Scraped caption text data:
========
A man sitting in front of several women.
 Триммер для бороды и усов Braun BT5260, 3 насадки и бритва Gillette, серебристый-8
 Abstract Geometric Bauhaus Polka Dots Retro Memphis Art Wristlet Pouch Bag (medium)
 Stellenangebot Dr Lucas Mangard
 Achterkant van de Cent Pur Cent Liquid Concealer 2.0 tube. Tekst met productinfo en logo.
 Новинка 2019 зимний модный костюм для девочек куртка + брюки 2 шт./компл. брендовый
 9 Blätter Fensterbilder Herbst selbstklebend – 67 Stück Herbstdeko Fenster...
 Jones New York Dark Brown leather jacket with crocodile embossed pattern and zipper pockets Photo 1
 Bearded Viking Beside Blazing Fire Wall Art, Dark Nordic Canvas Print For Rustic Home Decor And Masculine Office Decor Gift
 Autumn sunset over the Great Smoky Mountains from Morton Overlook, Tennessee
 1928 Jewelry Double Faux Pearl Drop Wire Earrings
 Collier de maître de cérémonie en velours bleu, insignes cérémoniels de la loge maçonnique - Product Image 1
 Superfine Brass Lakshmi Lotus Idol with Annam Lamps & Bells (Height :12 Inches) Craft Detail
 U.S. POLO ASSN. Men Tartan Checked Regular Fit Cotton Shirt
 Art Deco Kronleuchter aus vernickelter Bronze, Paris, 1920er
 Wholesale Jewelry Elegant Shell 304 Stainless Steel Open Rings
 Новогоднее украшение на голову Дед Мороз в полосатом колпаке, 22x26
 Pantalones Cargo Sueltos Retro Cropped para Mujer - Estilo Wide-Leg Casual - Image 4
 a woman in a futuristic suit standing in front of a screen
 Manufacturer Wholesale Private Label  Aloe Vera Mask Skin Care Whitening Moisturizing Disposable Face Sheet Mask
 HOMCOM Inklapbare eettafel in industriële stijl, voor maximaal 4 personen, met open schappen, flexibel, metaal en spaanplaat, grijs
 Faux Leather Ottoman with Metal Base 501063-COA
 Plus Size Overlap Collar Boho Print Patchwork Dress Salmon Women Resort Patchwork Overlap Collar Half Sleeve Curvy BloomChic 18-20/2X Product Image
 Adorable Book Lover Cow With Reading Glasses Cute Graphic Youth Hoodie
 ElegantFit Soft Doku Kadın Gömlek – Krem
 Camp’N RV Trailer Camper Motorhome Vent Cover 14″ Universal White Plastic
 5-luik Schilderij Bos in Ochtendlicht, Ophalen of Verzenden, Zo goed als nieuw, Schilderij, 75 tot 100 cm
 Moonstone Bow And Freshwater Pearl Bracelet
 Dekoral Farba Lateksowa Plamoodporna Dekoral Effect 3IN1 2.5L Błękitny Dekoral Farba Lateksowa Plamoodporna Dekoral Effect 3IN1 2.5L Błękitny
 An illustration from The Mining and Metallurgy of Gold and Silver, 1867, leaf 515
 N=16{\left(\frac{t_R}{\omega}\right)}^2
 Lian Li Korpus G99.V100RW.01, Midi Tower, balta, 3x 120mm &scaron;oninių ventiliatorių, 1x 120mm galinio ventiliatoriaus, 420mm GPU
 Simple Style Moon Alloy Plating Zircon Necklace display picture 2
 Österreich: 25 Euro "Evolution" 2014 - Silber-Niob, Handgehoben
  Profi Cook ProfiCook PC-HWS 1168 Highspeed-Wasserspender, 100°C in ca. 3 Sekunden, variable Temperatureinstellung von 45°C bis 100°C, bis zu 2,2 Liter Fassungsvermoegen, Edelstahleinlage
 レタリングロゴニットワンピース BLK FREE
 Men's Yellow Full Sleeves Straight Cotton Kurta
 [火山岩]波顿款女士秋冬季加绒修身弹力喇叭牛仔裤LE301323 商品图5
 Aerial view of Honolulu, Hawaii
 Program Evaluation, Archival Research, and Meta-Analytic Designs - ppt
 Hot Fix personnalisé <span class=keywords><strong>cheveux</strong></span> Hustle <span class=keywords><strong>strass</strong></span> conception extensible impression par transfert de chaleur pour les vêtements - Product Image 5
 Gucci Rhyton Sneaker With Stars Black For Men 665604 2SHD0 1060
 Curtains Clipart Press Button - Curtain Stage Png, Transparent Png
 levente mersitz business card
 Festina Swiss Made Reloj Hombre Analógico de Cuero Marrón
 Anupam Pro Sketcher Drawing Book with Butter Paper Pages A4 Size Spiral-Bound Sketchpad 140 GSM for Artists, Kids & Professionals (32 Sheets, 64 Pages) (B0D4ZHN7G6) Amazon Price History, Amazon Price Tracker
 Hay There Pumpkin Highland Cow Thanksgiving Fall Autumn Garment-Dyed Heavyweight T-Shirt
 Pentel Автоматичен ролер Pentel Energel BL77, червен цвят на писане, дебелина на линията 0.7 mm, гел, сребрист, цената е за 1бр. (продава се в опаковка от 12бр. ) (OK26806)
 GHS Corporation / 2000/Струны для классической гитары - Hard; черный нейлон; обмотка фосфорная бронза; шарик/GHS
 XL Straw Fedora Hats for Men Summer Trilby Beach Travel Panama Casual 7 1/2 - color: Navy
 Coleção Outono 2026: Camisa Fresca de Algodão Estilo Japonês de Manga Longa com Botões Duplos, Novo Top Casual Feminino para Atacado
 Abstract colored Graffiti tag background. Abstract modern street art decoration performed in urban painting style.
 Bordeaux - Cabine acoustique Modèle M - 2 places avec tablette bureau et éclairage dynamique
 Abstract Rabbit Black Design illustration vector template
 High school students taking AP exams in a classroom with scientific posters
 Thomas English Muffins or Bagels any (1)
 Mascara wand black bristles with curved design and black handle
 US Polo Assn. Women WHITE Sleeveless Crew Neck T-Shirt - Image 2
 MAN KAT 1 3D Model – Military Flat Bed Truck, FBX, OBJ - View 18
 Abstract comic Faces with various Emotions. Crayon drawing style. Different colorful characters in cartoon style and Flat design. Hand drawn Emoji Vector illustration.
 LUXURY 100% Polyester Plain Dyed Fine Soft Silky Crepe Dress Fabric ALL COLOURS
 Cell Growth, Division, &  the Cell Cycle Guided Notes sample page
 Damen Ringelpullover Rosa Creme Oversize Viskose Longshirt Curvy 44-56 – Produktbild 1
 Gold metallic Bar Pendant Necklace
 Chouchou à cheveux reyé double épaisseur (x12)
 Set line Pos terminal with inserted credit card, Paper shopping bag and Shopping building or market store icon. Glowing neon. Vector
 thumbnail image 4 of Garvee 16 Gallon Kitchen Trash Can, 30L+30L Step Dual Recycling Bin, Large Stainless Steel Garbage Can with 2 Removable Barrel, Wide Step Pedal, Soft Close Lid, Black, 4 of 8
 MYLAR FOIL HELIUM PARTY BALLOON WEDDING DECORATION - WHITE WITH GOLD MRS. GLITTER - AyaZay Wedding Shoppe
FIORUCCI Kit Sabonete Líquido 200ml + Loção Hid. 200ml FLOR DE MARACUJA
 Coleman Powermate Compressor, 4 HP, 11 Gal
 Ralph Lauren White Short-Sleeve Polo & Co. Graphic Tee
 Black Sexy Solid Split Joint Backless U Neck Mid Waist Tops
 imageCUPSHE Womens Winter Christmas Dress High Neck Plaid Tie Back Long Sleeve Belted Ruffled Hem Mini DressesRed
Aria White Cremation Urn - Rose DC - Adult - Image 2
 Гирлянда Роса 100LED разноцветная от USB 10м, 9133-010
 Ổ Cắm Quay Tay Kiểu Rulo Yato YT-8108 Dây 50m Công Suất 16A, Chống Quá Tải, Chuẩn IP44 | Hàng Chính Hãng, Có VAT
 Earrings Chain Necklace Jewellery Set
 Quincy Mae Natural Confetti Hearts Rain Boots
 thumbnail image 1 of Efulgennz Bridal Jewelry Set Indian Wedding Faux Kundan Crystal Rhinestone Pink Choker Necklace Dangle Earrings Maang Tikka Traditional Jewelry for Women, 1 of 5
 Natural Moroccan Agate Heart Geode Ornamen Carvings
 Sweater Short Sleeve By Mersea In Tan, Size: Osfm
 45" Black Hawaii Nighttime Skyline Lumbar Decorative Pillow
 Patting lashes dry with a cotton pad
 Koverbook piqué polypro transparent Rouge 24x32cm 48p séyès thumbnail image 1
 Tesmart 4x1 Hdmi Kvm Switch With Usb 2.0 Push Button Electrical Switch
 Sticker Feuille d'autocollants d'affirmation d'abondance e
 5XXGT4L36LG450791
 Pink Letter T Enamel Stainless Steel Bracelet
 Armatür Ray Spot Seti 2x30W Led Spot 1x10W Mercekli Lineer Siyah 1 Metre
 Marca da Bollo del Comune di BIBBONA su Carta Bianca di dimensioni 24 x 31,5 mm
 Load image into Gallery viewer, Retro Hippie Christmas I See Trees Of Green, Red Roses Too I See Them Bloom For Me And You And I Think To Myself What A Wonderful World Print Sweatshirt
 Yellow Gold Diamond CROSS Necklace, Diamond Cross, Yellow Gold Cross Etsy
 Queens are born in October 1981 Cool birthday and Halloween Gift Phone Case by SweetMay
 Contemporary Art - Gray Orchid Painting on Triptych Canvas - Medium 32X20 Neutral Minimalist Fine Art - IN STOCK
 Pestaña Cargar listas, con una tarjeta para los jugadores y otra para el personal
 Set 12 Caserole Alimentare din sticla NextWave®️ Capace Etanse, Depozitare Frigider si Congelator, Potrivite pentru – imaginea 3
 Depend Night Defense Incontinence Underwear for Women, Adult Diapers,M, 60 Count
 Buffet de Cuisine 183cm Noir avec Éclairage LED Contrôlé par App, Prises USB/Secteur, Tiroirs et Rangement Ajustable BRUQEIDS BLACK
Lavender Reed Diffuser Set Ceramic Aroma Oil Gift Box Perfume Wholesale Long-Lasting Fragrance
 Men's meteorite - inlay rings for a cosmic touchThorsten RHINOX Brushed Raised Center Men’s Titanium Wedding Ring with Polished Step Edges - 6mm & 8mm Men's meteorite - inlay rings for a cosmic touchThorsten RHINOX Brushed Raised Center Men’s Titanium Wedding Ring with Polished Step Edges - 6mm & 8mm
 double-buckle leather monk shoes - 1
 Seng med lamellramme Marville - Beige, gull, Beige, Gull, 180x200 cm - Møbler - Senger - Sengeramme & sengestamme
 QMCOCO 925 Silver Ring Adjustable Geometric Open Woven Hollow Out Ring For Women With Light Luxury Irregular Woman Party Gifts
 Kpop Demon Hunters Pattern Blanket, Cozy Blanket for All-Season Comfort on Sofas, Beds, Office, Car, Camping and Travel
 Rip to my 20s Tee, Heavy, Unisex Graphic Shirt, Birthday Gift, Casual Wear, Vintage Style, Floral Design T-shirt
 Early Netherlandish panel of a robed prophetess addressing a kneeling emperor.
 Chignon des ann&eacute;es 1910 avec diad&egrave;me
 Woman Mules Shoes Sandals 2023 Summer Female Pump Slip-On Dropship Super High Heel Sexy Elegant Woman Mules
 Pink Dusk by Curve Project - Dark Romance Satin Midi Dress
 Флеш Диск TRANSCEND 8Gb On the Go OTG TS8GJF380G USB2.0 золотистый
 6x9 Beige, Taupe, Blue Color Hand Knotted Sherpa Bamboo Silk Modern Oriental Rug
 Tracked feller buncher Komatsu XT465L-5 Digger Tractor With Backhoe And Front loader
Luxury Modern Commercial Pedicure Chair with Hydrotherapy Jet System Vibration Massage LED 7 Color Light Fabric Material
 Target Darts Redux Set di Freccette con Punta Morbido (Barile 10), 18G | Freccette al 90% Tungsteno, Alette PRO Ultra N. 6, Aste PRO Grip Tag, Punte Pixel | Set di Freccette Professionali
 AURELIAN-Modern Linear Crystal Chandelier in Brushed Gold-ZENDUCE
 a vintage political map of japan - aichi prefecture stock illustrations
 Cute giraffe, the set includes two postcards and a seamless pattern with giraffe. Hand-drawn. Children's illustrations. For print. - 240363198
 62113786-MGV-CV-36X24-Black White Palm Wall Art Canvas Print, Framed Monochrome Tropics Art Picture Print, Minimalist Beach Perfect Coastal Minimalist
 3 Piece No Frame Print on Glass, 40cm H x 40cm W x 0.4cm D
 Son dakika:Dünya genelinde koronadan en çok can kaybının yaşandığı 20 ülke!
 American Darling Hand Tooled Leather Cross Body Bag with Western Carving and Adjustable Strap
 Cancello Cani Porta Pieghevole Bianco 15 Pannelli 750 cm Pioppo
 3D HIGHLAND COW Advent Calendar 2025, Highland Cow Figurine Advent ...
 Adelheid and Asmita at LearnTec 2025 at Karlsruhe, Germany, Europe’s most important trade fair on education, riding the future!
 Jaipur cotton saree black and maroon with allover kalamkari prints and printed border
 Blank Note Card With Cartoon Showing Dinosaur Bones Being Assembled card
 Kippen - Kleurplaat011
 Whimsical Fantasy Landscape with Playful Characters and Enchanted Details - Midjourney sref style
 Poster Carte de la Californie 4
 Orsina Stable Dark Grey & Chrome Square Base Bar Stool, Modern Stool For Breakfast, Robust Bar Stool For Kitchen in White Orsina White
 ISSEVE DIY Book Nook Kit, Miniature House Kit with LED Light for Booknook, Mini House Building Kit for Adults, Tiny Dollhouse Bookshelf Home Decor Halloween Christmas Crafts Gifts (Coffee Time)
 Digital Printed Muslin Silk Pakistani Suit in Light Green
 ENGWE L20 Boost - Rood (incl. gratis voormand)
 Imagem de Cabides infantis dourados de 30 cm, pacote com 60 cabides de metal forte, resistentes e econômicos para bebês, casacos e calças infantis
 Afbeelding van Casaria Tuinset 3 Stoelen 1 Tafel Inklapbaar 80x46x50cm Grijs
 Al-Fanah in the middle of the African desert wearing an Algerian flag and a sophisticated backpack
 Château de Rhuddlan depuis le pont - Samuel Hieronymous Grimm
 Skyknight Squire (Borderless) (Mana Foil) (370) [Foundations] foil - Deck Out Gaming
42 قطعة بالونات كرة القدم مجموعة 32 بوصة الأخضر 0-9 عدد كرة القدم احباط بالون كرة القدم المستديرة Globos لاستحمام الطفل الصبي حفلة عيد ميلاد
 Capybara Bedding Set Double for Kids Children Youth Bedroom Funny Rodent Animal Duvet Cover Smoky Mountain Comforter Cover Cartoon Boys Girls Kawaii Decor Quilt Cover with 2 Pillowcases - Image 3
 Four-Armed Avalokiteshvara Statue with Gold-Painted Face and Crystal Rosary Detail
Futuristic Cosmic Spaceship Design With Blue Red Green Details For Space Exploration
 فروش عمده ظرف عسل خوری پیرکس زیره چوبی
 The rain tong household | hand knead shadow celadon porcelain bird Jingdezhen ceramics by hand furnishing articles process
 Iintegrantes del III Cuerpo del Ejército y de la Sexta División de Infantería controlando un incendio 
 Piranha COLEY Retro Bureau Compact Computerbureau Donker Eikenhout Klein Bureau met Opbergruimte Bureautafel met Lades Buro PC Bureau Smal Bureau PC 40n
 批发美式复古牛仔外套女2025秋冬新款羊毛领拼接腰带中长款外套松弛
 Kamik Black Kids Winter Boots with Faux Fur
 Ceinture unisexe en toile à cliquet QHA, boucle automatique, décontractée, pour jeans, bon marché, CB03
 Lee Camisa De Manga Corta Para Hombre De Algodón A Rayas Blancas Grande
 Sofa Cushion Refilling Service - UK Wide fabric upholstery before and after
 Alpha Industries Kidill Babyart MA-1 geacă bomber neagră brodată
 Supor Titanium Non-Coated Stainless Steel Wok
========
The task: Only one stretch of the entries above is wanted: the lines from the one containing "Abstract Rabbit Black" through the one containing "MAN KAT 1 3D". Please reproduce it exactly.

The completed task:
 Abstract Rabbit Black Design illustration vector template
 High school students taking AP exams in a classroom with scientific posters
 Thomas English Muffins or Bagels any (1)
 Mascara wand black bristles with curved design and black handle
 US Polo Assn. Women WHITE Sleeveless Crew Neck T-Shirt - Image 2
 MAN KAT 1 3D Model – Military Flat Bed Truck, FBX, OBJ - View 18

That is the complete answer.